= Murray Morrison =

American politician (1820–1871)

Murray Morrison (1820–1871) was a California State Assembly member, president of the Los Angeles Common Council and a judge of the Superior Court.

==Biography==
Morrison was born in 1820 in Southern Illinois and graduated from the Roman Catholic college of St. Louis, Missouri. He migrated to California in 1849, where he settled in Sacramento and set up a law practice. In 1850 he was called "Maj. Murray Morrison" and was on a committee of managers for a Fourth of July celebration, the first one after statehood."
In Sacramento, Morrison eventually partnered with Todd Robinson, but later moved to San Francisco, where his business partner was J.P. Hoge.

His brothers were Don Morrison, a member of the U.S. Congress from Illinois, and H.F. Morrison, judge of the 4th Judicial District of California. Murray Morrison was married in 1862 to Jennie White, the daughter of Thomas J. White, speaker of the Assembly in the first California Legislature.
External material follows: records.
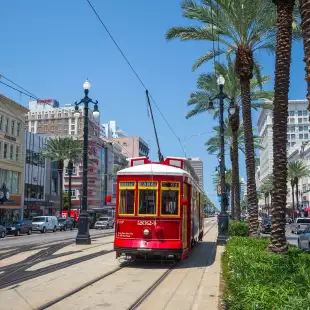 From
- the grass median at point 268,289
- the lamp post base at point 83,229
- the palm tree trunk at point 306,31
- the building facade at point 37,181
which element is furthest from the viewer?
the building facade at point 37,181

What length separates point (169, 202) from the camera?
547 inches

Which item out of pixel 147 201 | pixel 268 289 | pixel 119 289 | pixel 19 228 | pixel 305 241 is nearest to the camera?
pixel 268 289

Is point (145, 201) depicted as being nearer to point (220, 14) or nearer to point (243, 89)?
point (243, 89)

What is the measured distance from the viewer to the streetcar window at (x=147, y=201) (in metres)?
13.8

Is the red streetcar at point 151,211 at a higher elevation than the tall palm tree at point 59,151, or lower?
lower

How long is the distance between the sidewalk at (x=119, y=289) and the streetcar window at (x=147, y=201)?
1.82 metres

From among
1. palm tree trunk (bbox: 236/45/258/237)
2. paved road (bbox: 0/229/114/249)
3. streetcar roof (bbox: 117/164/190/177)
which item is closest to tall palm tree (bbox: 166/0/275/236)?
palm tree trunk (bbox: 236/45/258/237)

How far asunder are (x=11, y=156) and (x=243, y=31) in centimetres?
4487

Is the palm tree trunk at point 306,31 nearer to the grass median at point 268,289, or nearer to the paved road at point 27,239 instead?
the grass median at point 268,289

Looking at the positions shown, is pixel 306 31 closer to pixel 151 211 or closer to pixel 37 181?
pixel 151 211

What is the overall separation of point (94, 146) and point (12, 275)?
315 ft

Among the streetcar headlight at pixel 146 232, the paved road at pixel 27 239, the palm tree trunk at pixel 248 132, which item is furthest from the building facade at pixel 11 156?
the streetcar headlight at pixel 146 232

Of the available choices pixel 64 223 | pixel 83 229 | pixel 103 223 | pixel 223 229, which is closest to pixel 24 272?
pixel 83 229

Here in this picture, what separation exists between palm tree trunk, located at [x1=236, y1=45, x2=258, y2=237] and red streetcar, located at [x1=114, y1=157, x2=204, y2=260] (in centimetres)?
462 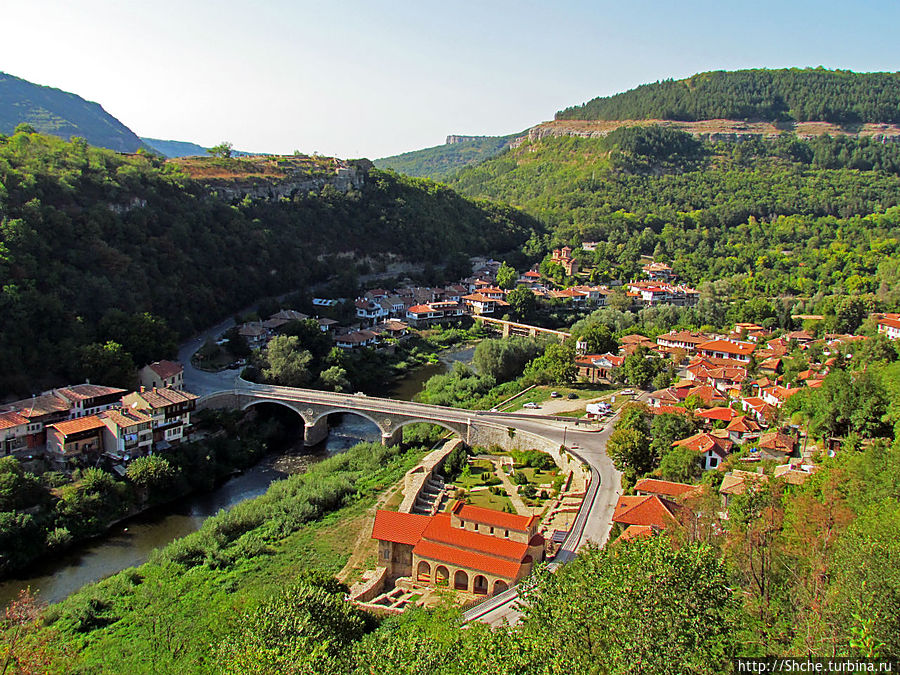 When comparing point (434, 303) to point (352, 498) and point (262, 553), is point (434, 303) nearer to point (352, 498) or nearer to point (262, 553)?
point (352, 498)

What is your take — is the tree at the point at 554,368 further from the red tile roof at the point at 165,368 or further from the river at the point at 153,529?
the red tile roof at the point at 165,368

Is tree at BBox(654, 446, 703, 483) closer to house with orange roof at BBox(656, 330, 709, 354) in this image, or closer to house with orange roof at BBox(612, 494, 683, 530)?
house with orange roof at BBox(612, 494, 683, 530)

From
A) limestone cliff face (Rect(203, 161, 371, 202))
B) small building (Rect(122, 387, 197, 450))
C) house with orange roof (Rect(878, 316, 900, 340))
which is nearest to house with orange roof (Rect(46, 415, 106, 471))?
small building (Rect(122, 387, 197, 450))

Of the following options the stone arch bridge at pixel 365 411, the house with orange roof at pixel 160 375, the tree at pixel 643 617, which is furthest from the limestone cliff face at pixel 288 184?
the tree at pixel 643 617

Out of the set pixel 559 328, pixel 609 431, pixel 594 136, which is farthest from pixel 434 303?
pixel 594 136

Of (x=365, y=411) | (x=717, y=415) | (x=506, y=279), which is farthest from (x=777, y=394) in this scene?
(x=506, y=279)

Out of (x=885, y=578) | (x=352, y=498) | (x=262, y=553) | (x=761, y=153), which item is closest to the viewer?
(x=885, y=578) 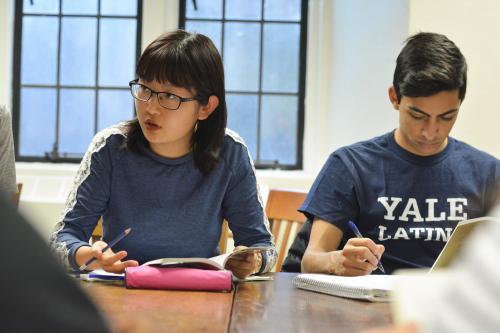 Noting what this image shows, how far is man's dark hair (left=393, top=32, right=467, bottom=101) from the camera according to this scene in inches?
76.2

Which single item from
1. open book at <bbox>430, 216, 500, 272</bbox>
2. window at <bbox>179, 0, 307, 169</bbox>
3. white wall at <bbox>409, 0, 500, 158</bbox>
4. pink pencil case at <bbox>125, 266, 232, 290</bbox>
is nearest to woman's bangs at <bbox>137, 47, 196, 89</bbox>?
pink pencil case at <bbox>125, 266, 232, 290</bbox>

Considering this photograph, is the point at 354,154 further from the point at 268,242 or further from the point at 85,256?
the point at 85,256

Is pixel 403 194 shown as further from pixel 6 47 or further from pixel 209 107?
pixel 6 47

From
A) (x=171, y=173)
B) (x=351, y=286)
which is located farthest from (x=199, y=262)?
(x=171, y=173)

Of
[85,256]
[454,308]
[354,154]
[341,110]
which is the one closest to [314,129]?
[341,110]

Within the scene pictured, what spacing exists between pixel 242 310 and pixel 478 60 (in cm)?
197

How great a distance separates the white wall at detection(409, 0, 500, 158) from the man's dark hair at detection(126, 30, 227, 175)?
50.7 inches

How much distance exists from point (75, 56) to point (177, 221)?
263cm

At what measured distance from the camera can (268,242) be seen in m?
2.00

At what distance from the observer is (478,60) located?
2961 mm

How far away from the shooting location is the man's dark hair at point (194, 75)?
74.2 inches

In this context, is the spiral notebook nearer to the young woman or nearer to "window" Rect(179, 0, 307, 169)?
the young woman

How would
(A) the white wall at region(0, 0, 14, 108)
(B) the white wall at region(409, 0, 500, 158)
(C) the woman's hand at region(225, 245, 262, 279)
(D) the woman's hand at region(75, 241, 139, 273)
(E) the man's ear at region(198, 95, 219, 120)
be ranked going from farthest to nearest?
(A) the white wall at region(0, 0, 14, 108)
(B) the white wall at region(409, 0, 500, 158)
(E) the man's ear at region(198, 95, 219, 120)
(C) the woman's hand at region(225, 245, 262, 279)
(D) the woman's hand at region(75, 241, 139, 273)

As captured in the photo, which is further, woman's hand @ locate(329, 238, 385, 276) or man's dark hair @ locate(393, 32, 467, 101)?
man's dark hair @ locate(393, 32, 467, 101) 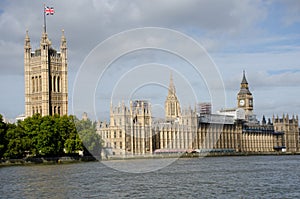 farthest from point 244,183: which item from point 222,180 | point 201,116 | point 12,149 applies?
point 201,116

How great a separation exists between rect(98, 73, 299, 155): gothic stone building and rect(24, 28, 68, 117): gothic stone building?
33.9 ft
Murray Morrison moved to Los Angeles in 1858 and died there of "an attack of erysipelas in the face" on December 18, 1871, leaving his wife, Jennie. She survived him by only six days.

==Business transactions==
In February 1861, while an Assembly member, Morrison "learned of the willingness of Eastern capitalists" to build a railroad between Los Angeles and the harbor at Wilmington or San Pedro, south of the city. within 18 months, provided the county would subscribe $100,000 and the city $50,000 to pay for it. He and his partner, Abel Stearns, secured a franchise to build the line from Los Angeles to the port at San Pedro, but it was not possible to raise the promised money because of the Civil War, and the project was halted.

==Public service==
On May 7, 1866, Morrison was elected to the Los Angeles Common Council and was named to its presidency, where he served until June 1, 1868, when he resigned from the council.